In the typical classroom examples the constraints do not depend on the derivatives of the dependent variables, thus the derivatives of the multipliers don't appear in the equations and one can solve for them algebraically. Here, however, that's not the case.
(We impose just the boundary condition $w\left(\partial \Omega\right)=0$, leaving $u$ and $v$ free. This should not be relevant for the question, which is only about how to consistently eliminate the multipliers.)
5 coupled non-linear PDEs seem a too difficult task to solve. In this answer, we will only discuss the boundary conditions for the Lagrange multipliers $\lambda_1$ and $\lambda_2$.
The De Donder/Weyl polymomenta are $$ {\bf p}_u~=~\begin{pmatrix} v_y w -\lambda_1 u_x \cr -v_x w -\lambda_2 u_y \end{pmatrix}, $$ $$ {\bf p}_v~=~\begin{pmatrix} -u_y w -\lambda_1 v_x \cr u_x w -\lambda_2 v_y \end{pmatrix}, $$ $$ {\bf p}_w~=~\begin{pmatrix} -\lambda_1 w_x \cr -\lambda_2 w_y \end{pmatrix}, $$ $$ {\bf p}_{\lambda_1}~=~\begin{pmatrix} 0 \cr 0 \end{pmatrix}, $$ $$ {\bf p}_{\lambda_2}~=~\begin{pmatrix} 0 \cr 0 \end{pmatrix}. $$
OP lists the following boundary conditions: $$ u,v \text{ free and } \left.w \right|_{\partial \Omega}~=~0. $$ We assume that this also means that the derivatives of $u,v$ are free.
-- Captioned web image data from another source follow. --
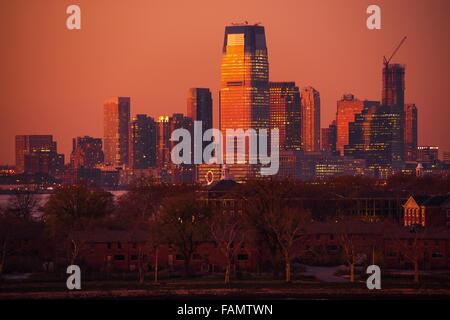 Jersey City in New Jersey Stato, Stati Uniti d'America. Jersey City skyline al tramonto Foto Stock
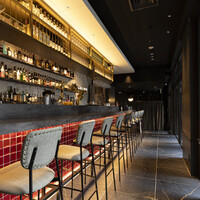 とメイン京都 Pub & Grill 7 TAPS TAVERN 京都駅 (セブンタップスタバン)の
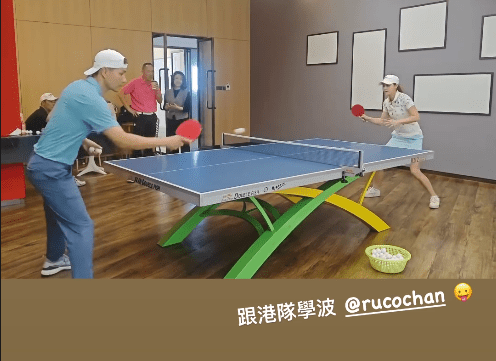 陈展鹏是前港队乒乓球的运动员。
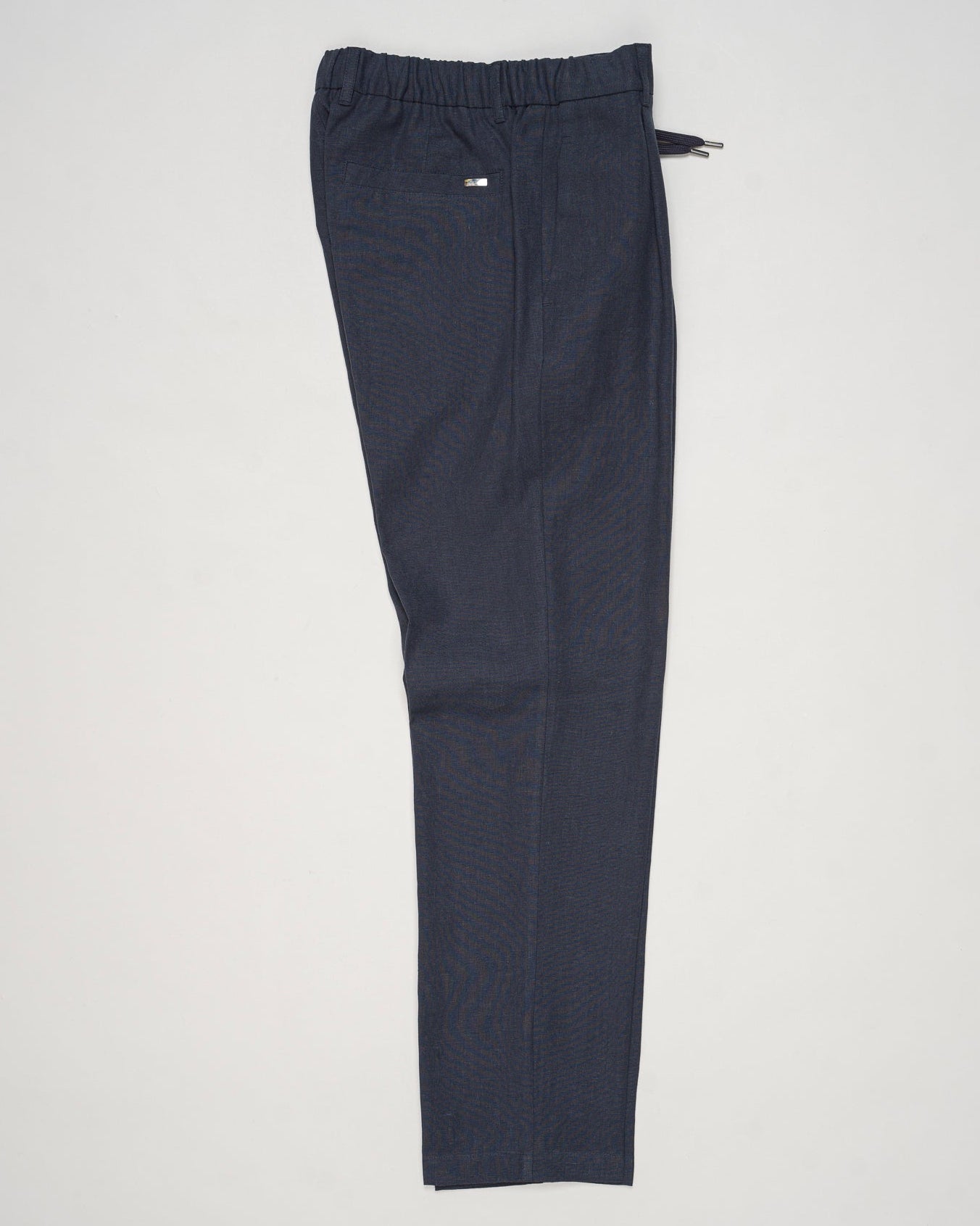 Main fabric: 70% Linen 30% Cotton
Lining: 100% Cotton
Elastic with drawstring waist
Zip and button fastening
Slanted pockets
Welted back pockets
Matching &nbsp;jacket available. Jacket and trousers sold separately.
Article: PT000185U 17147
Color: 9200 / Navy Herno Linen & Cotton Trousers / Navy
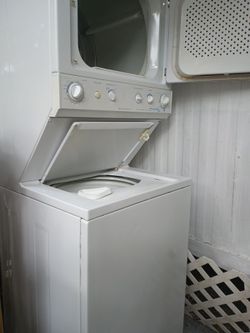 Washer/Dryer Combo, Frigidaire White, Model FEZ831AS1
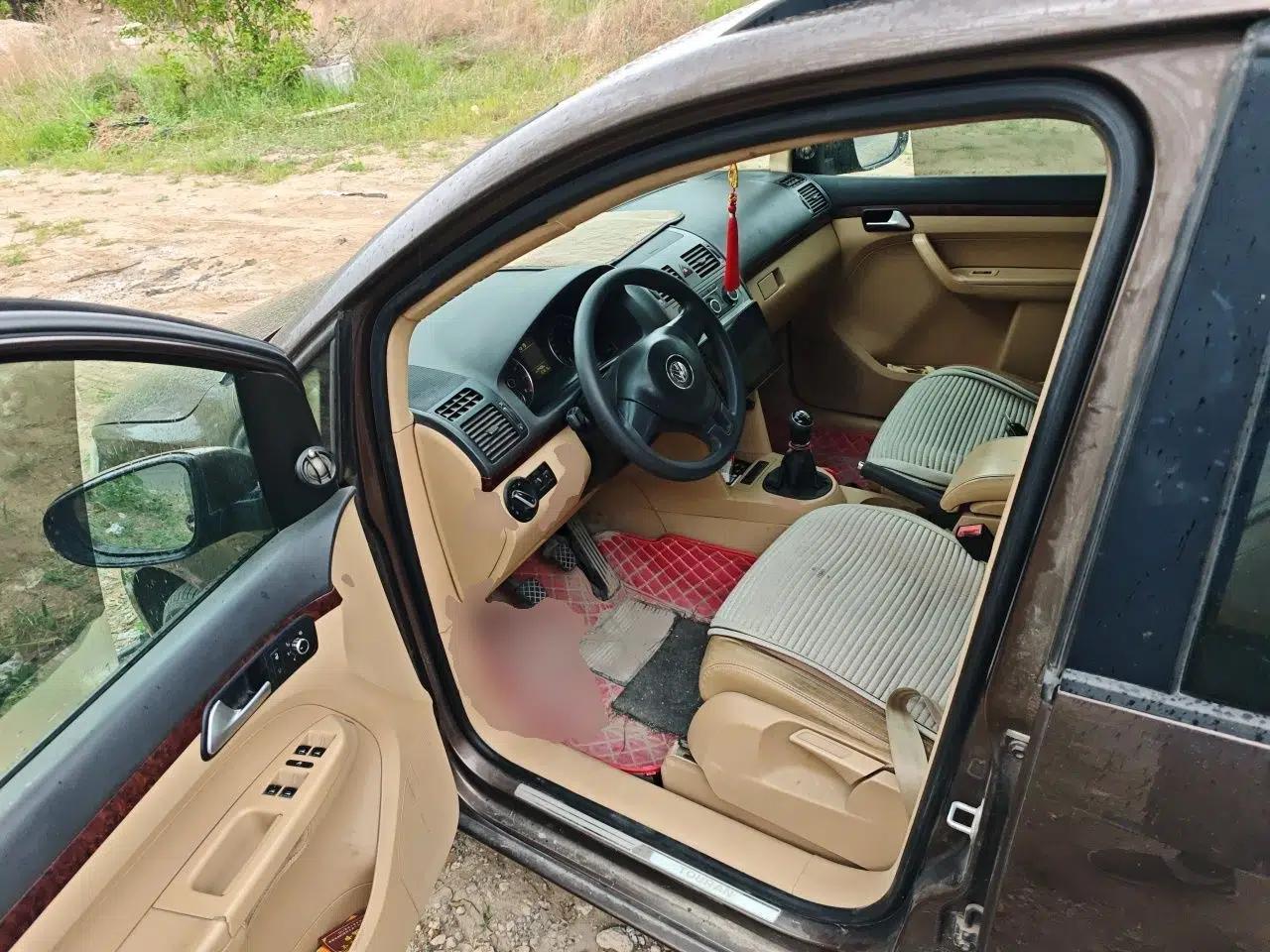 Volkswagen Touran 2013 1.4T Manual Comfort Edition 5-Seater — миниатюра 17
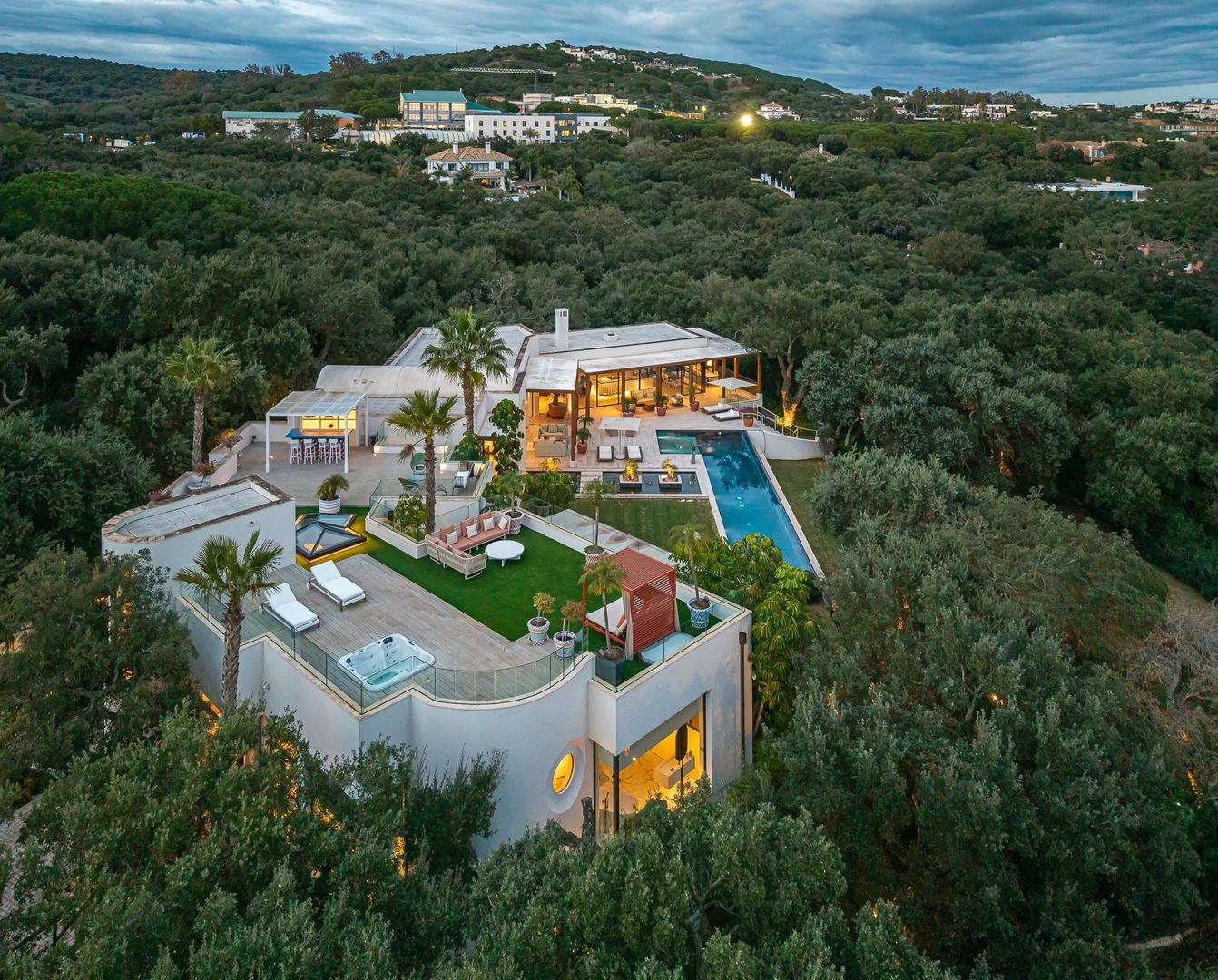 Villa III Marbella image 1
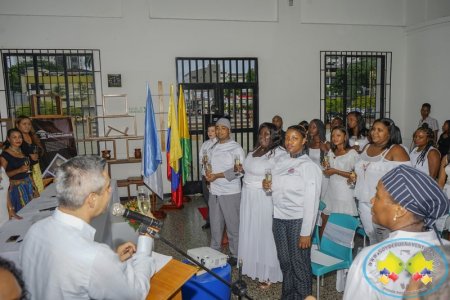 La Fundación Escuela Taller de Buenaventura graduó 15 Técnicos en Cocina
The infinitesimal variation of OP's ${\cal L}$ reads $$\delta {\cal L} ~=~\sum_{\phi=1}^5\left\{ \underbrace{\left(\frac{\partial {\cal L}}{\partial\phi} -\nabla\cdot{\bf p}_{\phi} \right)}_{\text{EL expression}} \delta \phi+ \nabla\cdot\left({\bf p}_{\phi}\delta \phi \right)\right\},$$ where $\phi$ runs over the 5 variables $u,v,w,\lambda_1,\lambda_2$.
In order for the variational principle for OP's ${\cal L}$ to be well-posed, we must demand that $$ {\bf p}_u \text{ and } {\bf p}_v \text{ are parallel to the boundary at the boundary } \partial \Omega,$$ cf. the divergence theorem.
Generically this implies that $$ \left.\lambda_1\right|_{\partial \Omega}~=~0 \quad\text{ and } \quad \left.\lambda_2\right|_{\partial \Omega}~=~0, $$ which in turn are also sufficient conditions for well-posedness.